WHAT YOU ARE ASKED TO DO. The required output is every line from the one with "5pcs Super Sticky" through the final line of the data below, unchanged.

SUPPLIED MATERIAL.
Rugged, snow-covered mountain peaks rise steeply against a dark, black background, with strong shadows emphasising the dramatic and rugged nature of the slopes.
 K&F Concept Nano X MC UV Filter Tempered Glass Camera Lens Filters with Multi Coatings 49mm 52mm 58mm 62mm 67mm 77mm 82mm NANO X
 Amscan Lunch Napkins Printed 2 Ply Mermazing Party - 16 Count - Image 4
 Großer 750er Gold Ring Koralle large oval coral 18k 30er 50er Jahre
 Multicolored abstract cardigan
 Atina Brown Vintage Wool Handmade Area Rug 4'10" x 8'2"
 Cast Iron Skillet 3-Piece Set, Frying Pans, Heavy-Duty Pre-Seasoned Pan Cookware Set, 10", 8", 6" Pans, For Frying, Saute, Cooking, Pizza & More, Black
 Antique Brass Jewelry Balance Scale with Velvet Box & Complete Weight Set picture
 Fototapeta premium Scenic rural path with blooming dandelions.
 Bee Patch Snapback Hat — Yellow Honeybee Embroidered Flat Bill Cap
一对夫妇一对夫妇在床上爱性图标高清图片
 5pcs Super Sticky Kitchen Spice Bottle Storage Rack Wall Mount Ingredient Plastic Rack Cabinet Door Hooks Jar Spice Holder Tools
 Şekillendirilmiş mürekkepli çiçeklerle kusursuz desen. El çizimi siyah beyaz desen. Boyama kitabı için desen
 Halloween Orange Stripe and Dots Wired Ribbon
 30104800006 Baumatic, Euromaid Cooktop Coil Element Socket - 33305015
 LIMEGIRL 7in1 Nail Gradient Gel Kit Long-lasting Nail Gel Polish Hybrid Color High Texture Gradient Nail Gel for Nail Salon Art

ANSWER AREA.
 5pcs Super Sticky Kitchen Spice Bottle Storage Rack Wall Mount Ingredient Plastic Rack Cabinet Door Hooks Jar Spice Holder Tools
 Şekillendirilmiş mürekkepli çiçeklerle kusursuz desen. El çizimi siyah beyaz desen. Boyama kitabı için desen
 Halloween Orange Stripe and Dots Wired Ribbon
 30104800006 Baumatic, Euromaid Cooktop Coil Element Socket - 33305015
 LIMEGIRL 7in1 Nail Gradient Gel Kit Long-lasting Nail Gel Polish Hybrid Color High Texture Gradient Nail Gel for Nail Salon Art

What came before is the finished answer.